MySQL The full-text index in has two variables , Minimum search length and maximum search length . For words whose length is less than the minimum search length and the maximum search length , Will not be indexed . These two default values can be viewed with the following command :
SHOW VARIABLES LIKE ‘%ft%’
Operation of full-text index
for example :
CREATE table t_article(
id INT PRIMARY KEY AUTO_INCREMENT,
title VARCHAR(255),
content VARCHAR(10000),
writing_date DATE
-- FULLTEXT(content) Create full text index
);
insert into t_article values(null,"Yesterday Once More","When I was young I listen to the radio",'2021-10-01');
insert into t_article values(null,"Right Here Waiting","Oceans apart, day after day,and I slowly go insane",'2021-10-02');
insert into t_article values(null,"My Heart Will Go On","every night in my dreams,i see you, i feel you",'2021-10-03');
insert into t_article values(null,"Everything I Do","eLook into my eyes,You will see what you mean to me",'2021-10-04');
insert into t_article values(null,"Called To Say I Love You","say love you no new year's day, to celebrate",'2021-10-05');
insert into t_article values(null,"Nothing's Gonna Change My Love For You","if i had to live my life without you near me",'2021-10-06');
insert into t_article values(null,"Everybody","We're gonna bring the flavor show U how.",'2021-10-07');
-- Modify table structure to add full-text index
ALTER TABLE t_article ADD FULLTEXT index_context(content);
-- Add full text index ( Choose one from the above modification )

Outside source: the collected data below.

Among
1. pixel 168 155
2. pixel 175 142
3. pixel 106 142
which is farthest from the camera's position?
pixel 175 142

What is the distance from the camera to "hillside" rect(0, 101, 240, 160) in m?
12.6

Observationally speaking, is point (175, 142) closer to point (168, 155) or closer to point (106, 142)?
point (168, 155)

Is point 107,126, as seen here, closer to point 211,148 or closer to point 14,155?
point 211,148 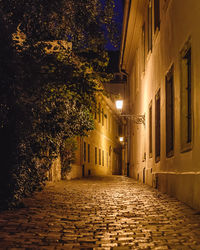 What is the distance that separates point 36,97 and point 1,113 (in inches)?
26.5

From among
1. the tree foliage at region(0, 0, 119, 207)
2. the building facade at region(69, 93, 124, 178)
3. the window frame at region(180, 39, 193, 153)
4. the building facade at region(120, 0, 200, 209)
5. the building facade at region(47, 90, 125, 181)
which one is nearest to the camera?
the tree foliage at region(0, 0, 119, 207)

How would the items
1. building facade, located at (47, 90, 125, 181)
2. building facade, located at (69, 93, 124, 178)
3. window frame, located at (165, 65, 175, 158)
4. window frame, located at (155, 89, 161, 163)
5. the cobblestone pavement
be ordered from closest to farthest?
the cobblestone pavement
window frame, located at (165, 65, 175, 158)
window frame, located at (155, 89, 161, 163)
building facade, located at (47, 90, 125, 181)
building facade, located at (69, 93, 124, 178)

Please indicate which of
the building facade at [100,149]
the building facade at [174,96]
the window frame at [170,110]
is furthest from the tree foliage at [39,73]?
the window frame at [170,110]

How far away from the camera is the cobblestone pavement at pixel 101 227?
168 inches

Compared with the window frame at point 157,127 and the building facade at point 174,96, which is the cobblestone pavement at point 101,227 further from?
the window frame at point 157,127

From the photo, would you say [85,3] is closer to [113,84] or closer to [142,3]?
[142,3]

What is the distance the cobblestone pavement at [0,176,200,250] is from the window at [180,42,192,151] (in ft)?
4.43

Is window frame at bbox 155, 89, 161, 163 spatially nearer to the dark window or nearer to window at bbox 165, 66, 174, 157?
window at bbox 165, 66, 174, 157

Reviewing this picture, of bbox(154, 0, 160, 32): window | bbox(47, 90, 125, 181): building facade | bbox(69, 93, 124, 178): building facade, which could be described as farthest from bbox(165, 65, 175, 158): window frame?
bbox(69, 93, 124, 178): building facade

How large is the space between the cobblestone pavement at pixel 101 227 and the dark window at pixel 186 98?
1359 millimetres

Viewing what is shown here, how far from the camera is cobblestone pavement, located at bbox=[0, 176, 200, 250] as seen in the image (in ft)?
14.0

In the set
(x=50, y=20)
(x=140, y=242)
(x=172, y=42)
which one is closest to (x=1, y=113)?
→ (x=50, y=20)

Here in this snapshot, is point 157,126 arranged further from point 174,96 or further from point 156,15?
point 156,15

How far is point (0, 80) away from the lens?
623 cm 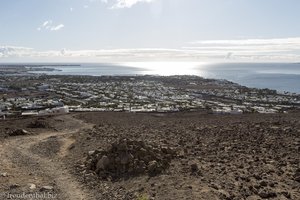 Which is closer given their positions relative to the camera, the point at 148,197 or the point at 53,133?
the point at 148,197

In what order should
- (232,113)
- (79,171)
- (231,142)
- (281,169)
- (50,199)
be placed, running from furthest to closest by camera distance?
1. (232,113)
2. (231,142)
3. (79,171)
4. (281,169)
5. (50,199)

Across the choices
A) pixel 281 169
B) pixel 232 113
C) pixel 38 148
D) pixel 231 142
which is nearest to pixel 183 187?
pixel 281 169

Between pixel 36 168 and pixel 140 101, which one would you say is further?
pixel 140 101

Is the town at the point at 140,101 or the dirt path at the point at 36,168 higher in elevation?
the dirt path at the point at 36,168

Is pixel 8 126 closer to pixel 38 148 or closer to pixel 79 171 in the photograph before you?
pixel 38 148

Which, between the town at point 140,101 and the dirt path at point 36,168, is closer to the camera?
the dirt path at point 36,168

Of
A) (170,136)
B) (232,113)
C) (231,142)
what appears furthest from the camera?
(232,113)

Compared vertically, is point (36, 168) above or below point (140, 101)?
above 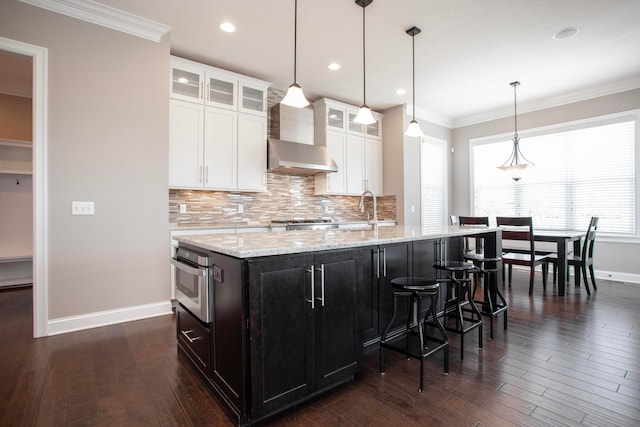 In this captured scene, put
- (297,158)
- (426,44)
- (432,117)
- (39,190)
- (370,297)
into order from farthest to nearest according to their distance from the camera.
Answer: (432,117) → (297,158) → (426,44) → (39,190) → (370,297)

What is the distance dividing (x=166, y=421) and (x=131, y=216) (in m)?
2.13

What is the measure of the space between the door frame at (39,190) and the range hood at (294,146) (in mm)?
2414

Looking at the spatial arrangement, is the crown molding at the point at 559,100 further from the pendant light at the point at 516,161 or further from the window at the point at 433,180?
the window at the point at 433,180

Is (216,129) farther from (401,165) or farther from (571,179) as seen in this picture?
(571,179)

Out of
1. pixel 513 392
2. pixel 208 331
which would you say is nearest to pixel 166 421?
pixel 208 331

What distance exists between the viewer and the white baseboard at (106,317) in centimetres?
279

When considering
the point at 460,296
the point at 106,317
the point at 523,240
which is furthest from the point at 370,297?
the point at 523,240

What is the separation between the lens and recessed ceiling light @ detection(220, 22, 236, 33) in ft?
10.5

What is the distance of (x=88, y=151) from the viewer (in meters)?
2.93

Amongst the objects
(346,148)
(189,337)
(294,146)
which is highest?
(346,148)

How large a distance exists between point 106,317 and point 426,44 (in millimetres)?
4372

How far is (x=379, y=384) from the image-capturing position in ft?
6.38

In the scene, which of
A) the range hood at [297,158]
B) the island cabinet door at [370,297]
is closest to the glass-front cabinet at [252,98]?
the range hood at [297,158]

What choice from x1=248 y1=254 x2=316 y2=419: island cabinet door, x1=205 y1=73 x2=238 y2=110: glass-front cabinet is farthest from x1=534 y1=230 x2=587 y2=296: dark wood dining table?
x1=205 y1=73 x2=238 y2=110: glass-front cabinet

CREATE FULLTEXT INDEX index_context ON t_article(content);
-- Use full text indexing
SELECT * FROM t_article WHERE MATCH(content) AGAINST('yo'); -- No results ( The reason is the minimum query value problem )
SELECT * FROM t_article WHERE MATCH(content) AGAINST('you'); -- It turns out
Spatial index
Concept :
- MySQL stay 5.7 Then support spatial index , Support OpenGIS Geometric data model
- A spatial index is an index of a field of a spatial data type ,MySQL Spatial data types in 4 Kind of , Namely GEOMETRY、POINT、LINESTRING、POLYGON..

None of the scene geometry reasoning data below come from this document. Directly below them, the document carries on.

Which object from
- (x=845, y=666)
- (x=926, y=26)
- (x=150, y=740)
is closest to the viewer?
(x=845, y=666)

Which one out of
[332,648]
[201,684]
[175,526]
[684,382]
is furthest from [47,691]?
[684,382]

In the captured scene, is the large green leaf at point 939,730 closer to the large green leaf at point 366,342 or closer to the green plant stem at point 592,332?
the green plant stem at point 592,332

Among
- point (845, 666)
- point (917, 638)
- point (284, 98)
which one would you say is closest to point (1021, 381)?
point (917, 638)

- MySQL Use SPATIAL Keyword expansion , Yes, it can be used to create a regular index type syntax to create a spatial index .
- A column that creates a spatial index , It must be declared as NOT NULL.

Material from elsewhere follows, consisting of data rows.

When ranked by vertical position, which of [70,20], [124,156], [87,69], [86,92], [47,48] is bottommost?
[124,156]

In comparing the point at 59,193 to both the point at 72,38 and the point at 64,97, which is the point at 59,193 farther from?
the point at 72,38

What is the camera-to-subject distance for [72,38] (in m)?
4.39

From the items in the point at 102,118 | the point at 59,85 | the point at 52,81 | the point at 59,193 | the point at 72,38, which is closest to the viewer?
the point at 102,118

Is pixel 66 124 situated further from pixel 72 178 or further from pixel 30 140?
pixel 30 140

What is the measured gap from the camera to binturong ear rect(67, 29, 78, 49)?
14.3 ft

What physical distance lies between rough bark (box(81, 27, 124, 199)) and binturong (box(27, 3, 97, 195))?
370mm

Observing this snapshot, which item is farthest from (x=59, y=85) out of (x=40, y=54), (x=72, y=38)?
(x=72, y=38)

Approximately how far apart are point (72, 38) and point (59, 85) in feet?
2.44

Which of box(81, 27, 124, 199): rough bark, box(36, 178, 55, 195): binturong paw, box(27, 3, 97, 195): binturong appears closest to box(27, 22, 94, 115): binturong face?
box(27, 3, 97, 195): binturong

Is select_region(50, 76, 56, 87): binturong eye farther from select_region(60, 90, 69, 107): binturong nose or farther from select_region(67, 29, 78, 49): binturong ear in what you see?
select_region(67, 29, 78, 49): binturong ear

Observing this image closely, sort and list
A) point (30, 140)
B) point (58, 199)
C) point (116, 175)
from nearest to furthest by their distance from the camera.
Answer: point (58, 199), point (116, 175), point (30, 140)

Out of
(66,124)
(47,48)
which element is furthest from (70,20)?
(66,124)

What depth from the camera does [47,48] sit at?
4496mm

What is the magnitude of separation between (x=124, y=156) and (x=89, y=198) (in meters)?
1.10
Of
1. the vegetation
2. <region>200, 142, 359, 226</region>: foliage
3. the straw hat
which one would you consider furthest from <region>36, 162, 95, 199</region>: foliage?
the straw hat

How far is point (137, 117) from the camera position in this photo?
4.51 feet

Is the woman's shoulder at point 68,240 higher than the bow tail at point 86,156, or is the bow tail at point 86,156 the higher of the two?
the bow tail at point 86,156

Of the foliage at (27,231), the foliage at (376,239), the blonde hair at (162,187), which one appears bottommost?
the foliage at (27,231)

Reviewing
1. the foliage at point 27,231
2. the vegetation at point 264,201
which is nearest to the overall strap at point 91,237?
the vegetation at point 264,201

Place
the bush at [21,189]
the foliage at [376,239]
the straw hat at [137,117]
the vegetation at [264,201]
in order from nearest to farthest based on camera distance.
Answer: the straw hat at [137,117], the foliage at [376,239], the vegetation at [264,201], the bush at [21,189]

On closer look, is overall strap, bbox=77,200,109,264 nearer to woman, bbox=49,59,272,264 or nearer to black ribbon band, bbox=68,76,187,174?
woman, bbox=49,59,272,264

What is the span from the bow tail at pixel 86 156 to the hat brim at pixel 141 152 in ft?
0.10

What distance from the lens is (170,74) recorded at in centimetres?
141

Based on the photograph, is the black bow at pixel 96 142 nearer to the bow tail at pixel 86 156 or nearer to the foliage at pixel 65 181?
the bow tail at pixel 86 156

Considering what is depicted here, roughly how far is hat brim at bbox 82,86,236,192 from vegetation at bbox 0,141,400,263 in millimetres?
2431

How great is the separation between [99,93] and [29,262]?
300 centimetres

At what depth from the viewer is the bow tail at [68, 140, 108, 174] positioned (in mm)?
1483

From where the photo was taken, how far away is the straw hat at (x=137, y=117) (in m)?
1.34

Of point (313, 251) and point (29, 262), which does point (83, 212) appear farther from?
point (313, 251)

- Spatial index is less used , Understanding can
type | meaning | explain |
---|---|---|
Geometry | Spatial data | Any type of space |
Point | spot | Coordinate value |
LineString | Line | There are a series of points connected |
Polygon | polygon | Composed of multiple lines |
for example :
create table shop_info (
id int primary key auto_increment comment 'id',
shop_name varchar(64) not null comment ' Store name ',
geom_point geometry not null comment ' Longitude and latitude ',
spatial key geom_index(geom_point)
);
internals
Concept :
- Generally speaking, the index itself is very large , It's impossible to store everything in memory , So indexes are often stored on disk as index files .
- In this case , Disk will be generated during index search I/O Consume , Relative to memory access ,I/O How many orders of magnitude higher is the consumption of access , So the most important index to evaluate a data structure as an index is the disk in the search process I/O Progressive complexity of the number of operations .
- let me put it another way , The structure of index should be organized to minimize the number of disks in the process of searching I/O Access times of .
Hash Algorithm
advantage : Calculated from the value of the field Hash value , Location data is very fast
shortcoming : No range lookup , Because the values in the hash table are unordered , Cannot compare sizes .
Binary tree and binary balanced tree
Binary tree
advantage : It is divided into left subtree 、 Right subtree and root node , The left subtree is smaller than the root node , The right subtree is larger than the root node
shortcoming : It is possible to produce an unbalanced structure similar to a linked list
Balanced binary trees
advantage :
- Its left and right subtrees are balanced binary trees
- The left subtree is smaller than the middle , The right subtree is larger than the middle value
- The absolute value of the difference between the depth of the left subtree and that of the right subtree does not exceed 1
shortcoming : - The insertion operation requires rotation
- Support range query , However, the efficiency of roundabout query is low , For example, the query is larger than 8 Of , Will swing to the parent node 7、10
- If you store hundreds of pieces of data , The higher the tree is , The slower the query efficiency
BTREE Tree model
At present, most data systems and file systems use B-TREE Or its variants B+TREE As an index structure ,BTREE Structure can effectively solve the problems encountered by previous related algorithms .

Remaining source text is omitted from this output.